Выбрать главу

Европейским католикам, не говоря уж о православных, тем более пристало заявить о своей сознательной ориентации на новозаветную традицию, от которой исходят императивы общечеловечности, связанные с принципом единой общеисторической судьбы всех людей Земли. Чем в большей степени протестантский Север ставит себя в позицию избранного меньшинства, откровенно противостоящего большинству человечества, тем более настоя­тельно необходимо для католического Юга и православного Востока проде­монст­рировать позицию христианского универсализма, никого заранее не исключающего из ряда призванных и достойных спасения. У католической Европы появляется новый шанс выйти из “привилегированного гетто”, куда хотят поместить весь Запад атлантические наследники “принципа избранни­чества”, и заново подтвердить свою солидарность с людьми других культурных ареалов, сегодня образующих гонимое большинство человечества. Атлантисты скажут, что континентальные “диссиденты” Запада раскалывают его единство; сторонники христианского и просвещенческого универсализма в ответ на это могут заявить, что они защищают Запад, спасая его пошатнувшуюся репута­цию в мире.

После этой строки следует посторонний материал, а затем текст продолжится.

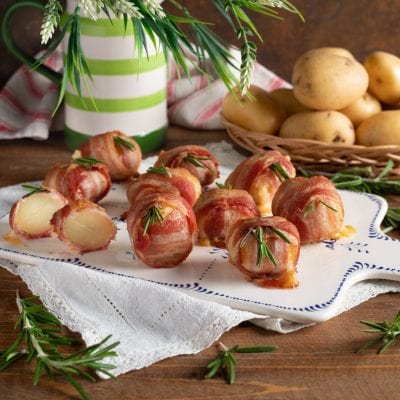 Bocconcini di patate, formaggio e bacon avvolti e guarniti con rametti di rosmarino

Атлантическая модель послевоенного европейского строительства привя­зывала Западную Европу к англо-американскому миру, одновременно отрывая ее от восточно-христианского, арабо-мусульманского и других культурных миров. По всей видимости, Западной Европе предстоит реанимировать более древнюю средиземноморскую модель жизнестроительства, более открытую незападным культурным мирам. Самое многозначительное состоит в том, что это обращение к средиземноморской памяти не только не ослабляет европейские интенции Просвещения, но, напротив, усиливает их, ибо наи­более агрессивными оппонентами Просвещения ныне являются не западные “традиционалисты”, а “чикагские мальчики”, адепты атлантизма  и безгра­ничного “рыночничества”.

Средиземноморский “мимезис” (припоминание корней) Европы, направ­ленность ее взгляда на Юг не являются какой-то контркультурной стилиза­цией, в духе “опыта Сартра”, в свое время солидаризировавшегося с культур­ными погромщиками хунвейбинами. Обращение европейской культурной памяти на средиземноморский Юг — это припоминание Александрии, в которой восточная и западная патристика еще совместно воздвигали свод великой христианской культуры, опираясь на общее греческое наследие. Такое обращение к общим истокам реактивирует память об универсалиях вместо той опасной игры в культурное и геополитическое сектантство, которой ныне предался североатлантический мир. По моему глубокому убеждению, у Европы сегодня нет других путей в действительно “открытое общество”, проти­во­стоящее установкам расизма и избранничества, кроме этой внутренней переориентации сознания с атлантической на средиземноморскую идентич­ность. Первая в значительной мере искусственна, она диктуется противо­стояниями холодной войны и интересами Америки, вторая — естественна, имманентна внутренней логике европейской культуры.

Я продолжаю верить в жизнеспособность Европы, подкрепляемую европейским плюрализмом и открытостью качественно иному будущему. Идея Европы — не статичная, как это постулируется в рамках концепций “плюрализма цивилизаций”, “морфологии культур” и геополитики. Открытость Европы будущему определяется ее способностью к глубокой внутренней реконст­рукции, связанной с глобальными вызовами XXI века.  Америка, ставшая националистической сверхдержавой, исповедующей принцип “идейно-полити­ческой монолитности”, к подобным реконструкциям сегодня неспособна. Реконструироваться ей предстоит уже после национального банкротства, как это случилось в свое время с нацистской Германией. Что касается континен­таль­ной Европы, то ее реконструкция, подталкиваемая предсказуемыми последствиями мировой американской авантюры и опасениями тотальной катастрофы, будет осуществляться путем ротации некоторых глубинных идей.

Во-первых, это континентальная идея. Атлантический Запад мог временно игнорировать тот факт, что континентальная европейская его часть представ­ляет западную часть Евразии, со многими вытекающими отсюда последст­виями. Атлантический сепаратизм — дистанцирование Запада от остального человечества — станет гораздо менее убедителен для европейцев, как только в их сознании актуализируется идея континента. Во-вторых, это дихотомия “протестантский Север — средиземноморский (шире, чем просто католи­ческий) Юг”. Север сегодня попал в ловушку опаснейшего идейного тупика, связанную с деструктивным синтезом принципа избранничества и “рыночной” доминанты. В протестантизме, как это отмечалось уже М. Вебером, идея избранничества подменяет новозаветную идею христианского братства и человеколюбия. В этом отношении протестантизм — возвратное движение от Нового к Ветхому завету, к картине мира с центром в лице “избранного народа”, претендующего на исключительные права.